* **WHAT IS NEEDED**
Omit the pictures and output exactly the lines from the start of the entries through the line containing "View of the".

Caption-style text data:
_ _ _
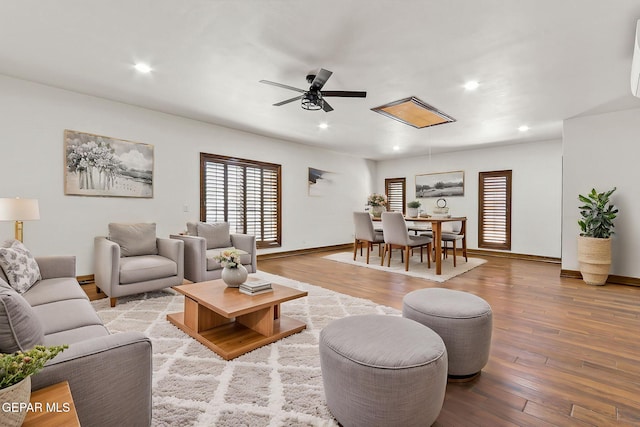 living area featuring a ceiling fan, hardwood / wood-style flooring, baseboards, and recessed lighting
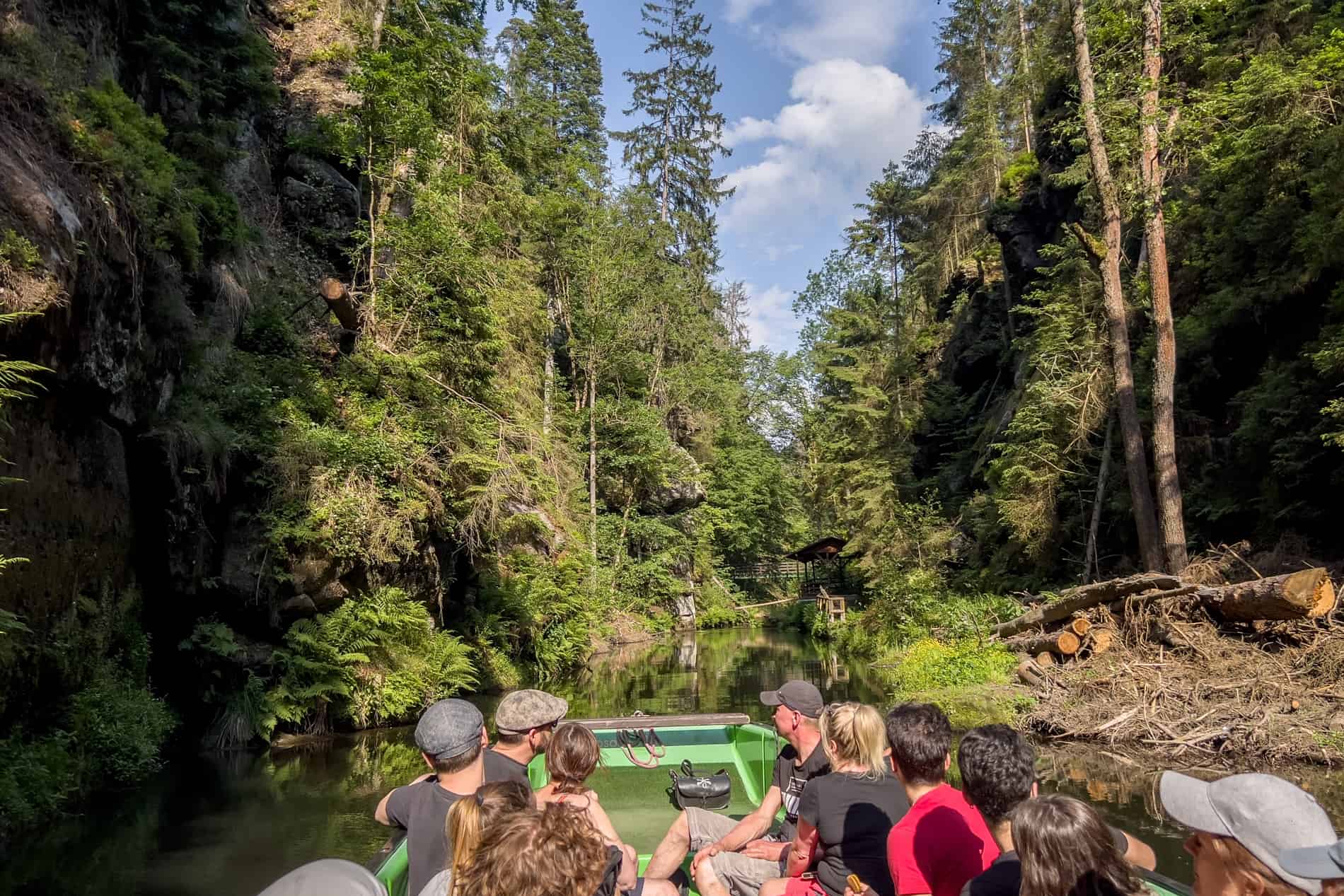 Visitors on a green boat, taking a trip on the Wild Gorge in Bohemian Switzerland. 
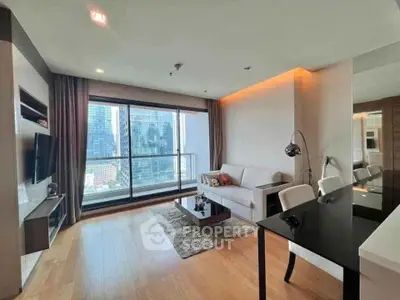 Modern living room with city view, sleek furniture, and wooden flooring.
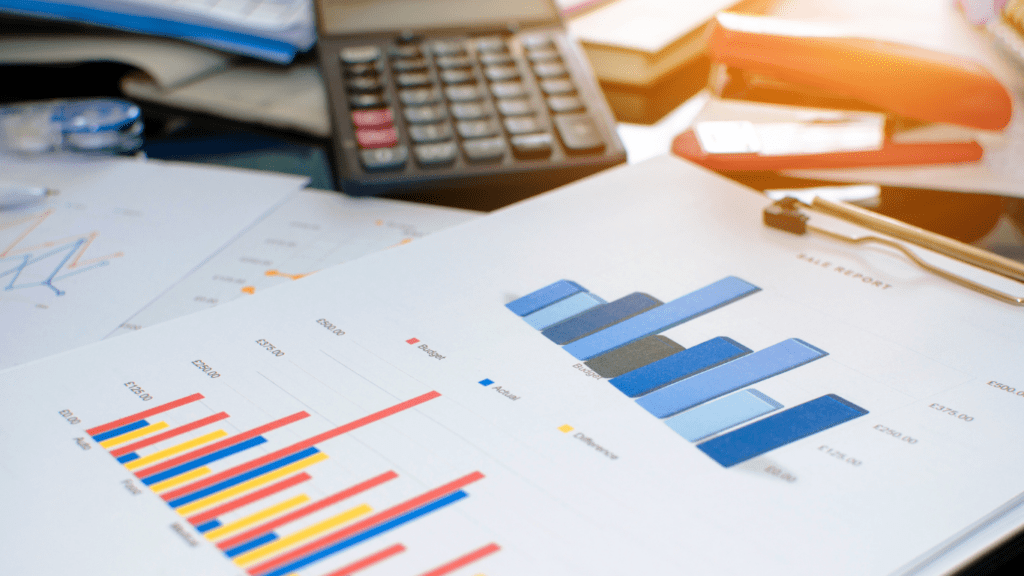 a magnifying glass and calculator on top of financial documents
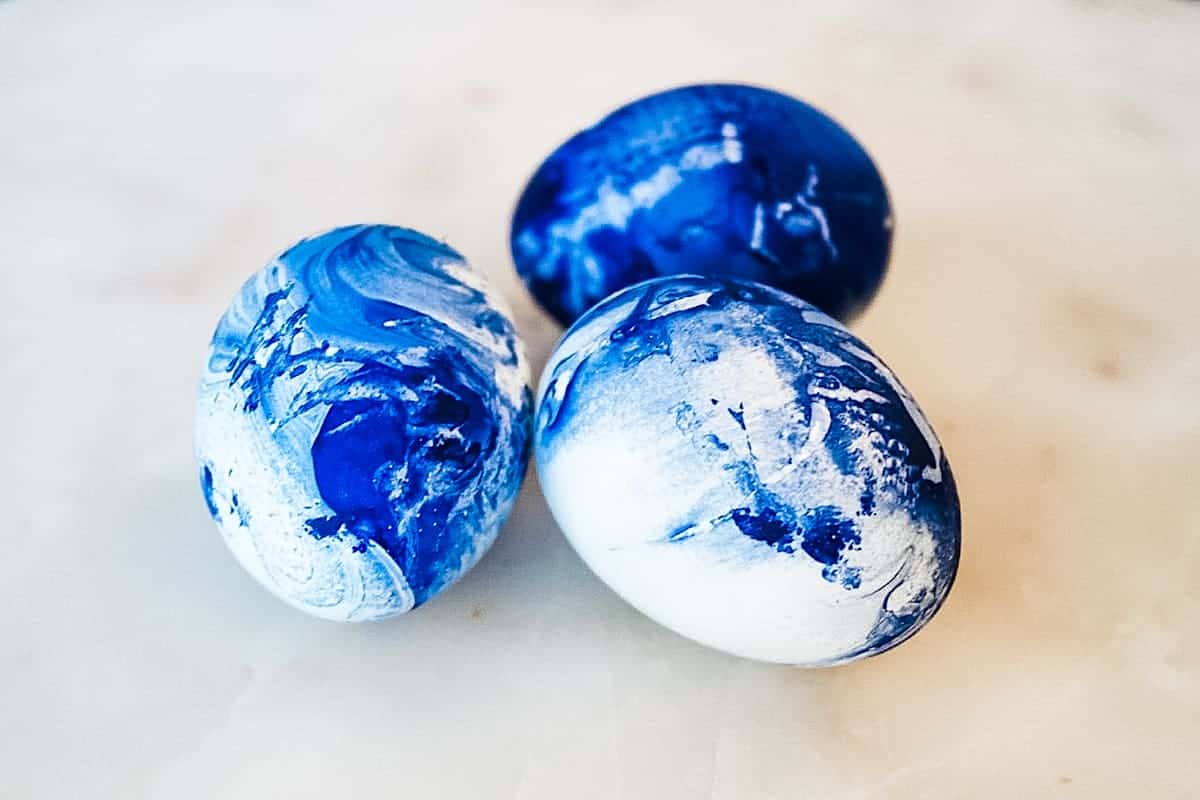 nail polish easter eggs cluster on white marble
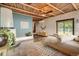 View of the primary bedroom with stylish décor and a wood-beamed ceiling at 14030 E Progress Way, Aurora, CO 80015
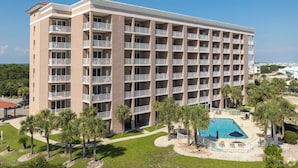 A multi-story hotel with balconies, a swimming pool, and palm trees. - 1BR Fort Morgan Condo | Gulf Views + Pool (GULF SHORES)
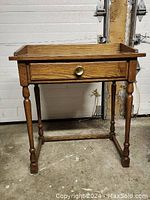 Front view of small wood desk showing hand-turned legs and central drawer with brass knob.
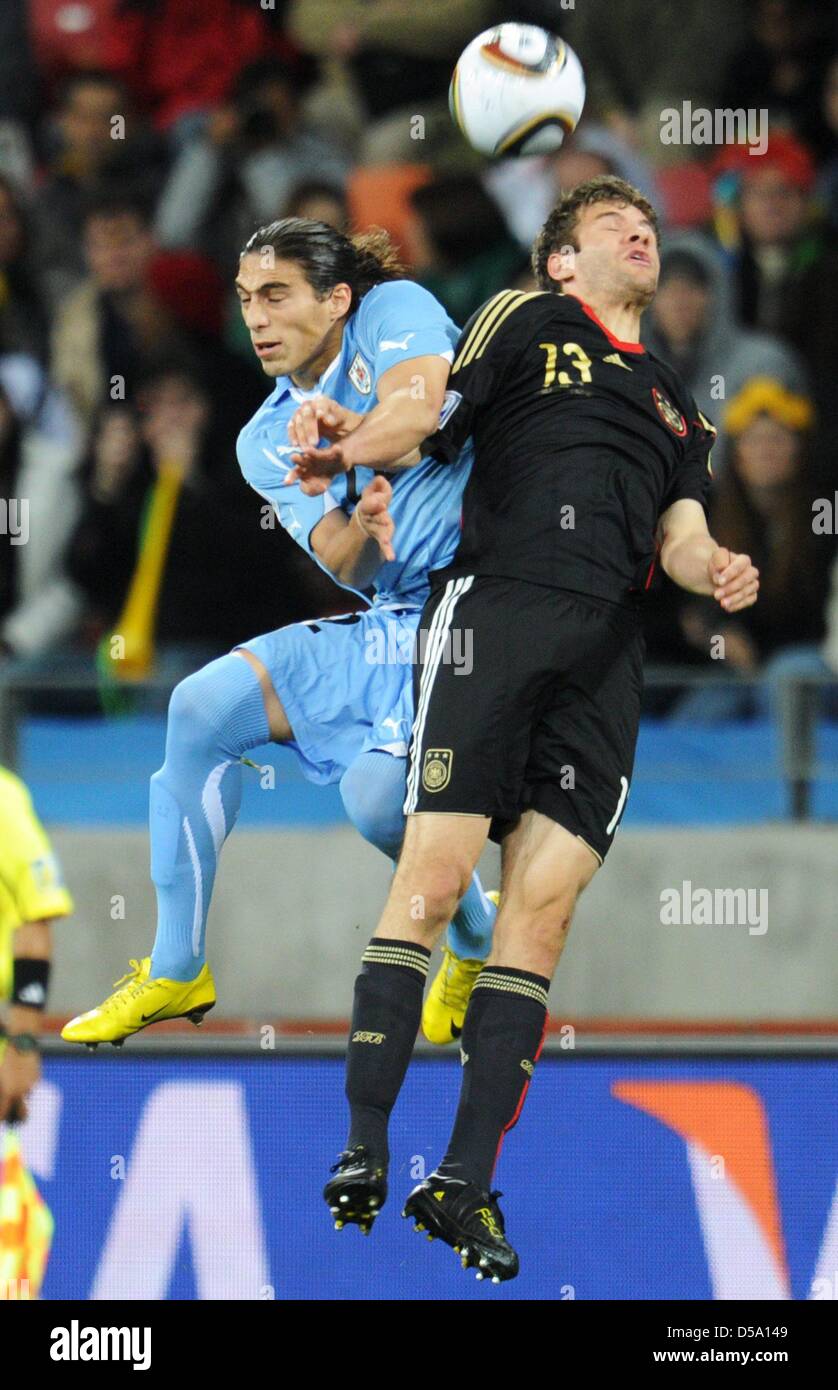 Martin Caceres (L) of Uruguay vies with Thomas Mueller of Germany during the 2010 FIFA World Cup third place match between Uruguay and Germany at the Nelson Mandela Bay Stadium in Port Elizabeth, South Africa 10 July 2010. Photo: Bernd Weissbrod dpa - Please refer to http://dpaq.de/FIFA-WM2010-TC  +++(c) dpa - Bildfunk+++ Stock Photo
_ _ _
* **ANSWER SECTION**
 living area featuring a ceiling fan, hardwood / wood-style flooring, baseboards, and recessed lighting
 Visitors on a green boat, taking a trip on the Wild Gorge in Bohemian Switzerland. 
 Modern living room with city view, sleek furniture, and wooden flooring.
 a magnifying glass and calculator on top of financial documents
 nail polish easter eggs cluster on white marble
 View of the primary bedroom with stylish décor and a wood-beamed ceiling at 14030 E Progress Way, Aurora, CO 80015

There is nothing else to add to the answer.